Will You Be Having A Cockroach With That?

A Feisty Cockroach. Similar To The One Seen At Royale.

A Feisty Cockroach. Similar To The One Seen At Royale.

It was a cold and wet Winter’s Thursday evening, the kind of evening that makes you go “Hey, let’s sit down and have a meal at Royale Burger, in Long Street, Cape Town”. And so it came to pass that we sat down and had a meal at Royale Burger, in Long Street, Cape Town. Royale is an interesting venue, boasting a 50’s Grease-Lightening styled theme, innovative decor and design, and substantially large burgers, the size of a small Cape suburb. Many an evening had been spent gorging on one of their famous Federale Burgers, getting pissed at the bar upstairs (called, interestingly enough, “Upstairs”) and then proceeding to physically roll home, using sheer will power and the momentum of a stiff kick from The Girlfriend’s steel-tipped boot.

Plans to follow in this proud tradition were going swimmingly - I had just devoured my meal like a hungry lion, whilst drinking copious amounts of beer, and the disgusted look on The Girlfriend’s face meant a stiff kick in the solar plexus was imminent.

I had just finished my 27th Windhoek, when my spider sense suddenly kicked in, alerting me of impending danger. Instinctively I did a forward roll into a defensive stance, expecting a karate kick from The Girlfriend, but she was still stretching and warming up, and an attack from her side was still minutes away. Then I saw the source of my danger radar - a rather pretentious looking cockroach had sauntered in, mouthing off to the patrons in a rather derogatory manner. He scurried around from one table to the next, causing great alarm and distress to the easy-going customers, who just wanted to enjoy a good meal and were now being treated to the greatest disrespect from the feisty Parktown prawn. Seemingly inebriated, he clearly had his Beer Coat on, looking for a fight, but he quickly met his match when a rather annoyed patron whipped off her Green Cross sandal and smashed him to pieces in one smooth motion.
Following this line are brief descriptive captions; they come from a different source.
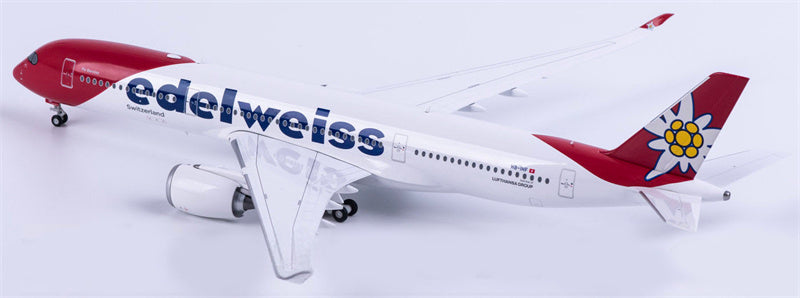 Herpa 1:200 Edelweiss Air Airbus A350-900 HB-IHF  ABS Model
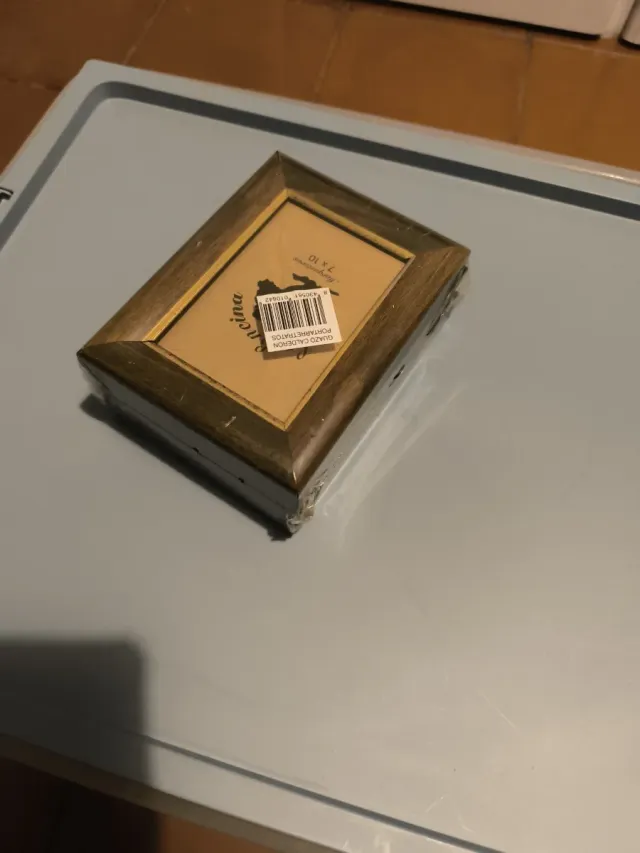 4 Marcos de fotos madera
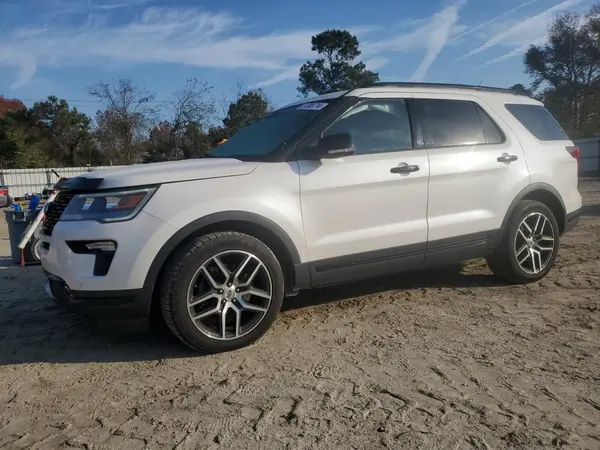 1FM5K8GT2JGA24836 2018 FORD EXPLORER - Image 1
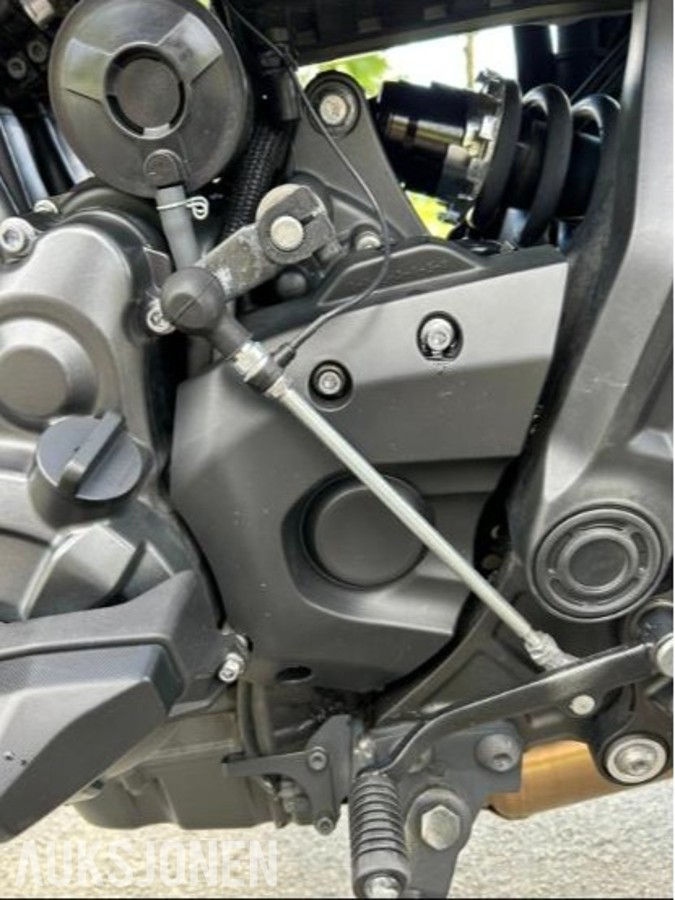 2021 Yamaha MT-07, A2 registrert med LeoVince One EVO effektanlegg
Everyone cheered and clapped in mutual appreciation, but our joy was short lived as another roach soon entered the fracas, cursing obscenities from the nearby wall above us in a rather vulgar manner. At this, we then decided to get the bill, and proceeded to leave in a hurry, our ears still burning from the foulmouthed tirade of the wretched pest.

Royale, one roach was bad enough, but two is simply unacceptable. Me thinks it’s time to call in the Pest Control, or I may have to have my burgers elsewhere.